InOrbit investors interested in robotics operations
ANIMO Ventures led InOrbit’s funding round, with participation from Yamaha Motor Ventures Silicon Valley, Kärcher New Venture, and other institutional and individual investors.
“The founding team at InOrbit combines passion, technical wizardry, and a deep commitment to enable robotics to impact a billion lives globally,” said Antonio Osio, partner at ANIMO Ventures. “The COVID-19 pandemic has accelerated what the founders have been thinking for decades — that autonomous robots hold the key to a more resilient and thriving society. We believe the nascent field of RobOps is a key ingredient in building that future.”

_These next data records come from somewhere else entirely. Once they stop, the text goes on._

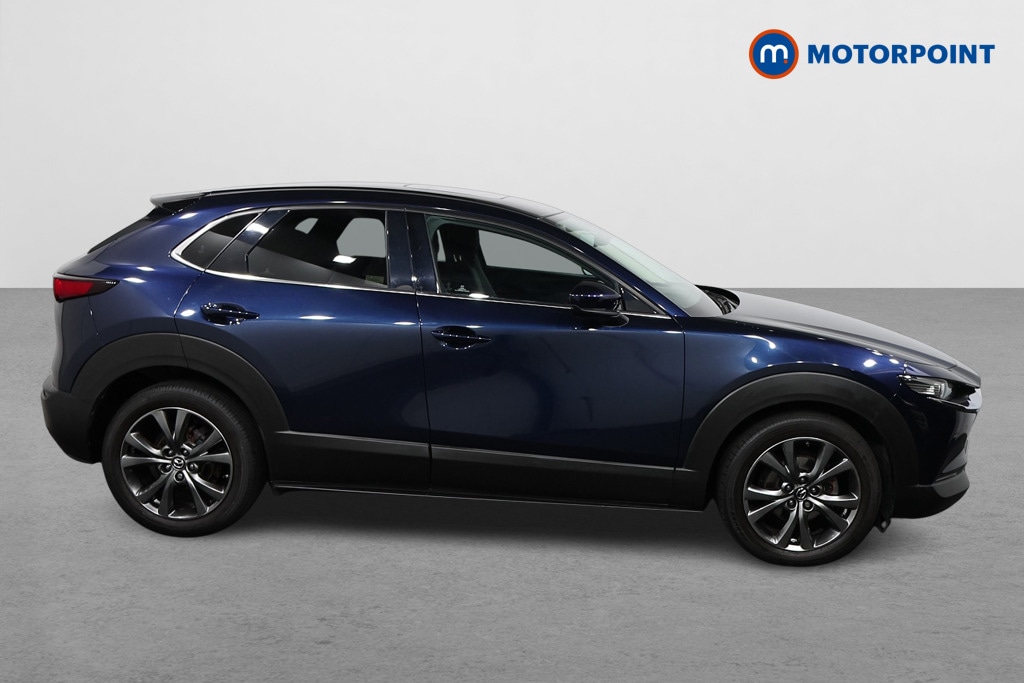 Used Mazda CX-30 2021 for sale - 76491632: Photo 8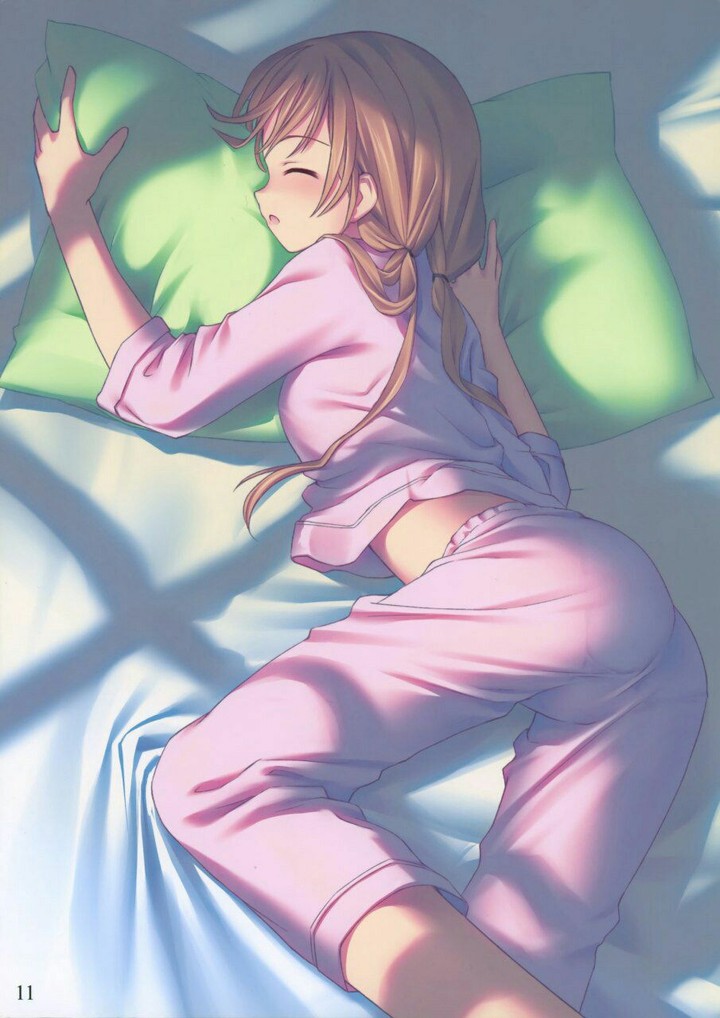 Anime girl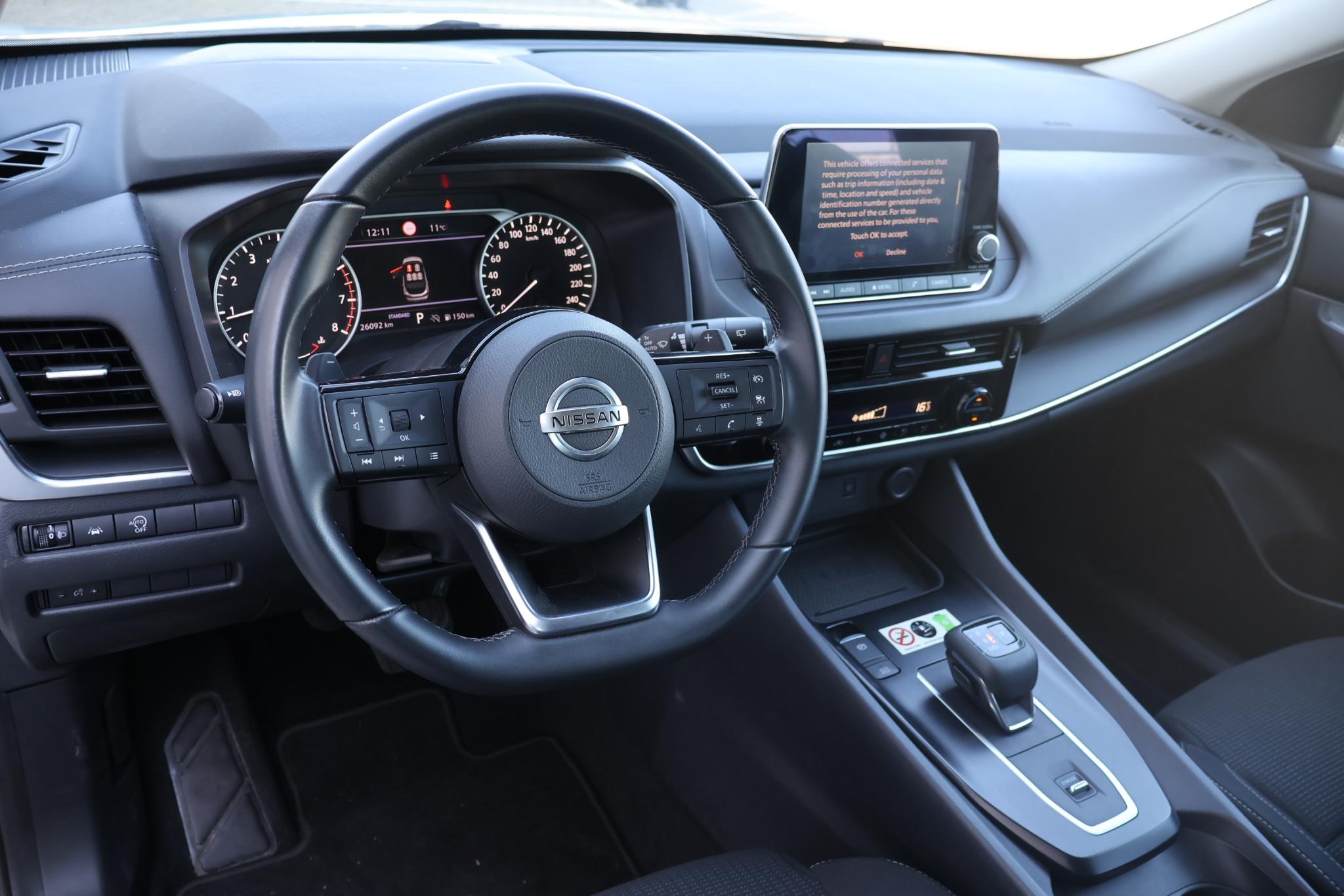 Foto van Nissan Qashqai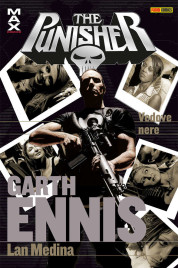 Punisher garth ennis collection 16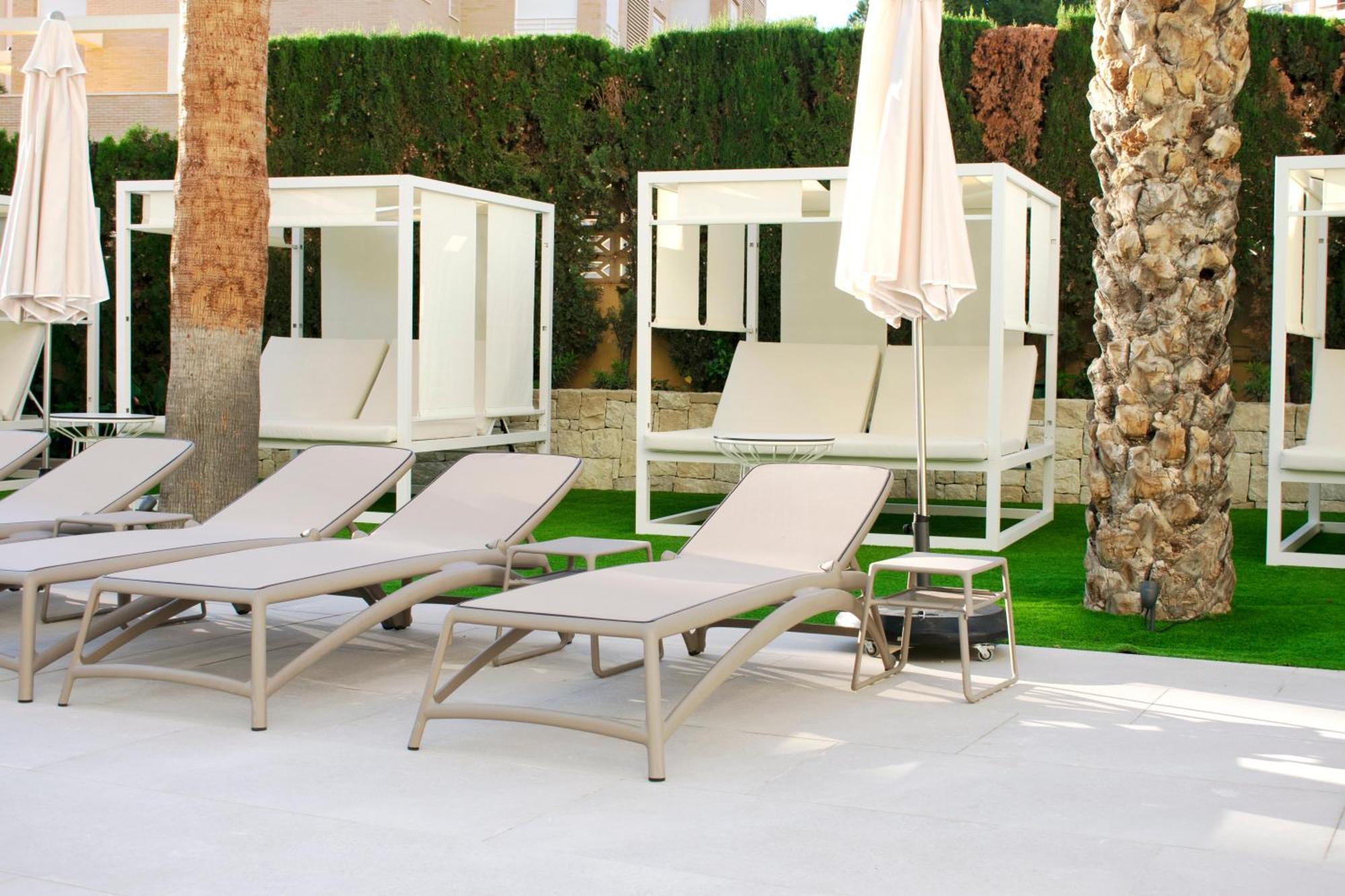 Port Alicante City & Beach Luaran gambar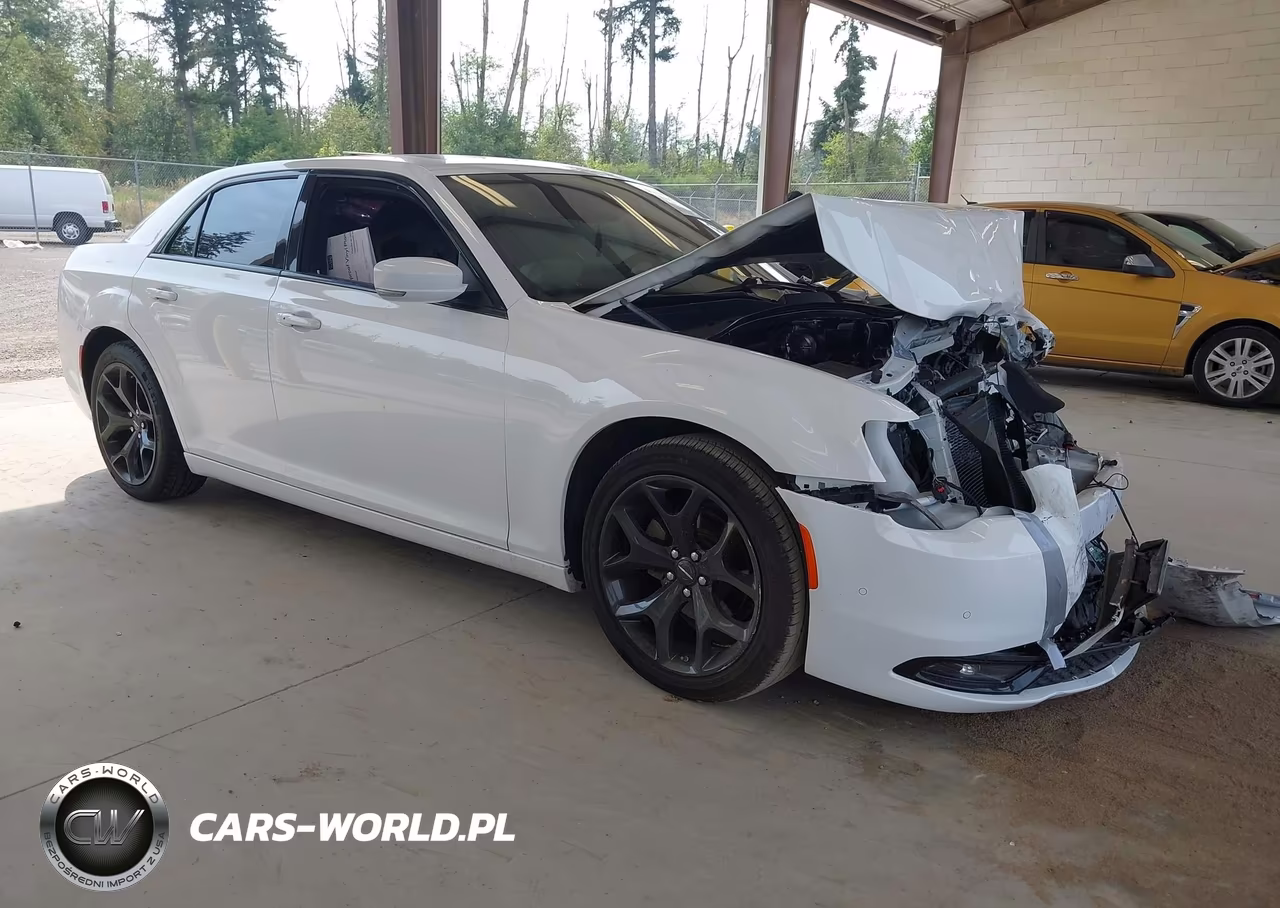 2022 Chrysler 300 S – zdjęcie 1 z 17
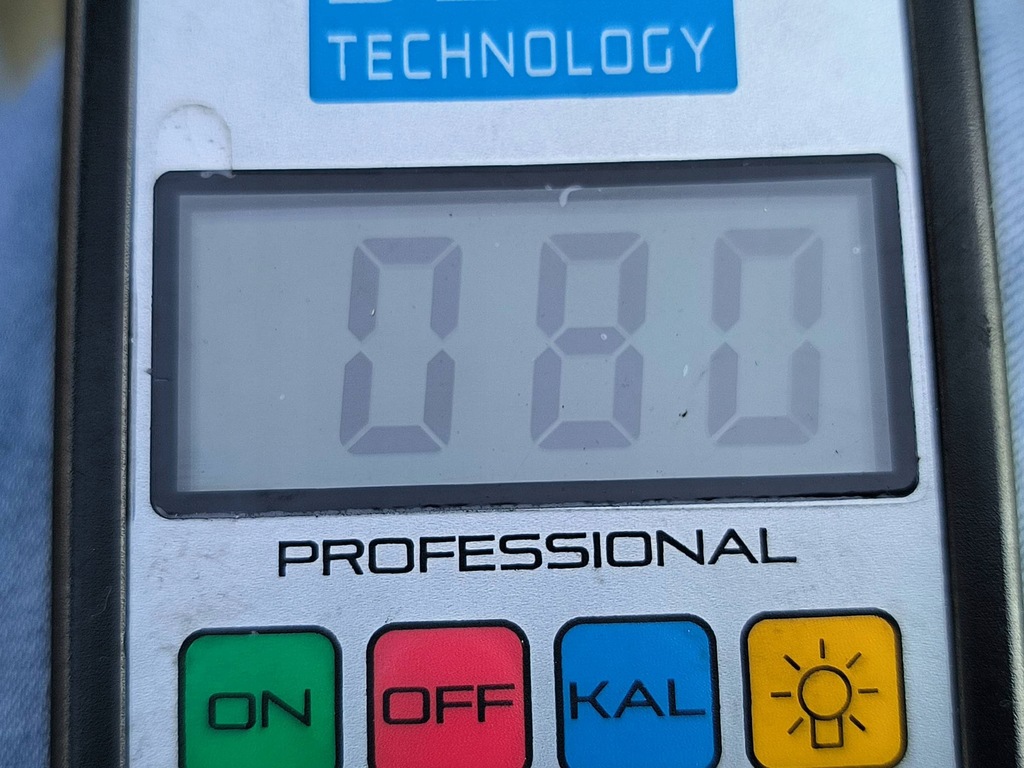 фото №2, Четверть крыло правый задняя tekqa dacia dokker f67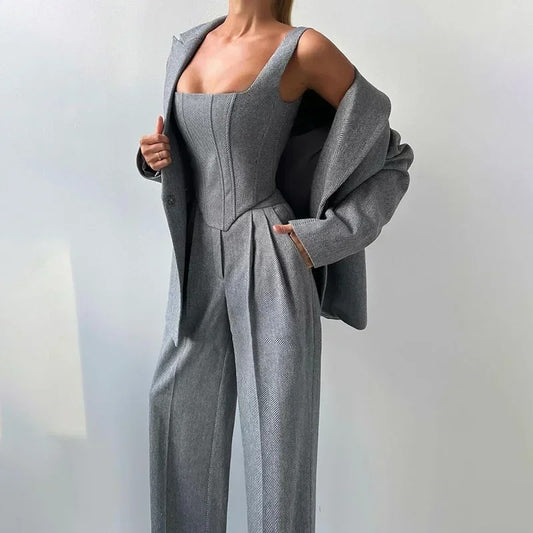 Completo Donna Elegante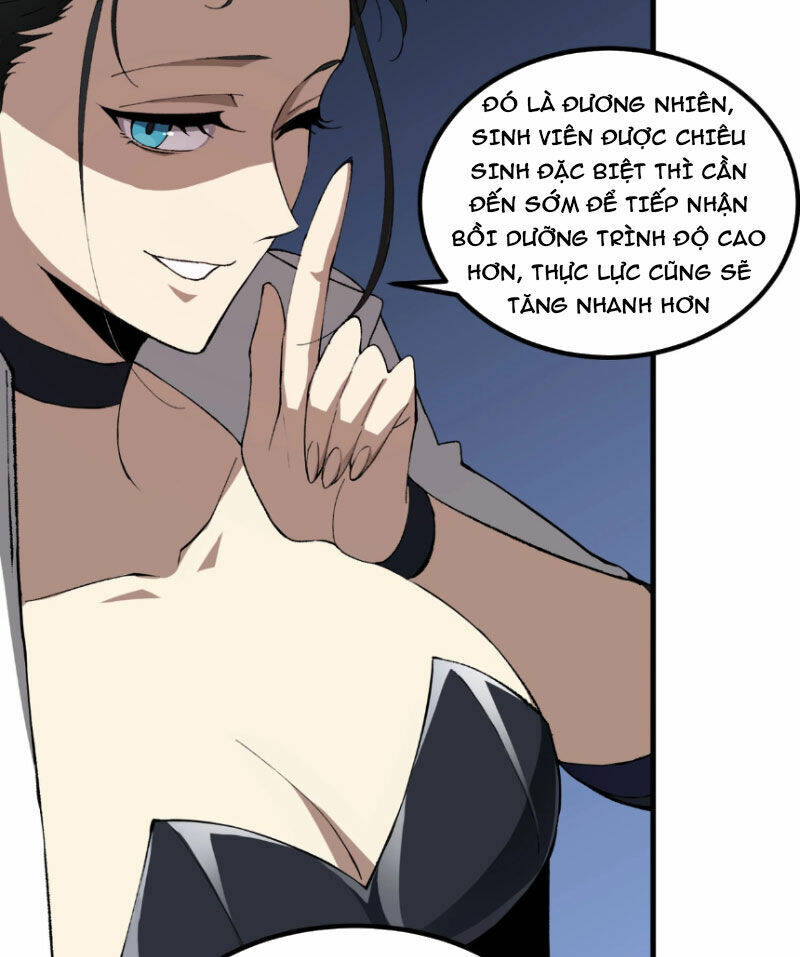 Thánh Hiệp Sĩ Cấp SSS - Chapter 8 - Page 73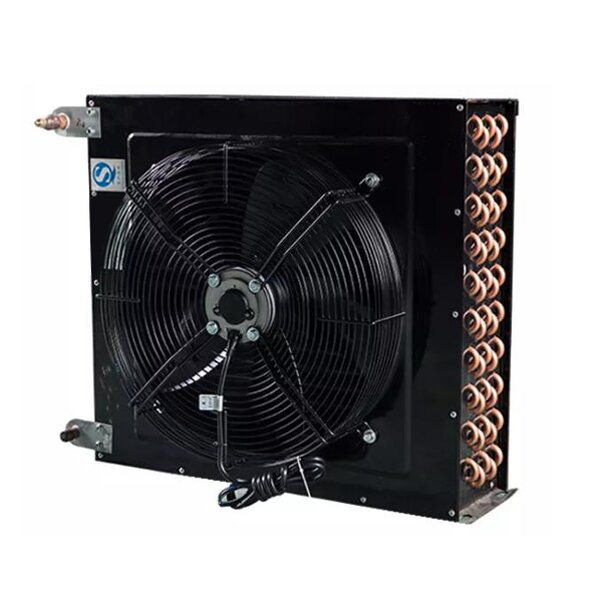 Air Cooled Condenser Manufacturer - H Type Copper Condenser OEM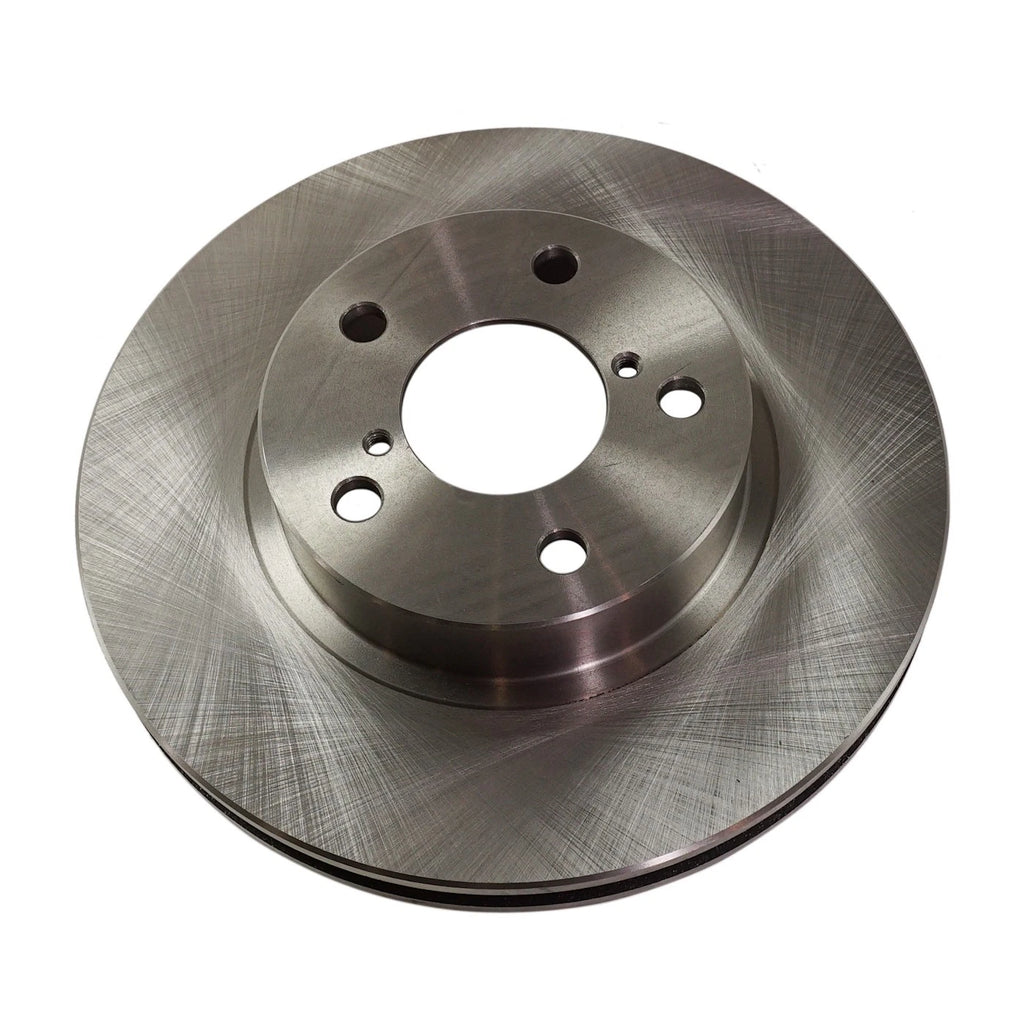 Brake Disc and Pad Kit for Subaru Impreza (1993–1996)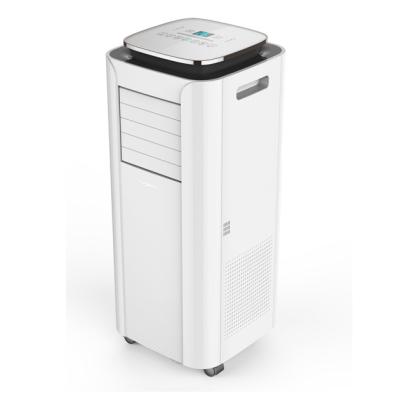 China Portable AC 7000 Btu Portable Mini Air Conditioner High Efficiency Heating And Cooling for sale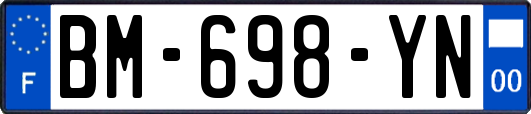 BM-698-YN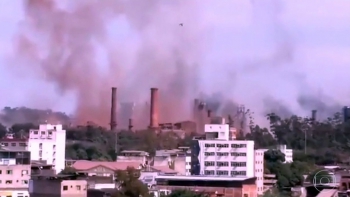IPATINGA: Usiminas comunica retorno das atividades e retomada total da produção em três dias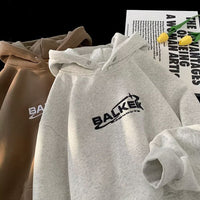 Men's High-end All-match Casual Sweatshirt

“A lot of investors and customers are taking a wait-and-see approach, but we still expect that 2021 will be a breakout year for robotics,” said Pestoni. “Our investors believed in our vision, and their continued support has been huge in the middle of what’s going on.”
The novel coronavirus crisis has led to a “massive shift from brick-and-mortar retail to e-commerce, and supply chains are struggling to adjust,” said Pestoni. “We realize that our supply chains are brittle, and a lot of tasks that used to be dull or dirty are now dangerous as well. We’re working with Kärcher, a German company that builds industrial cleaning equipment.”
An increasing number of companies have expressed interest in cloud robotics, but Pestoni said he isn’t worried about competition. “Anything worth doing is going to attract people,” he said. “Robotics is still in its early days, and we’re starting to see massive growth in response to COVID-19 and the need for social distancing. Our specialization is in running large fleets efficiently.”
“We’re in the Cambrian explosion of robotics,” Pestoni said. “Today, we see pockets of tasks automated with AMRs; five years from now, such value-added robotics will be commonplace.”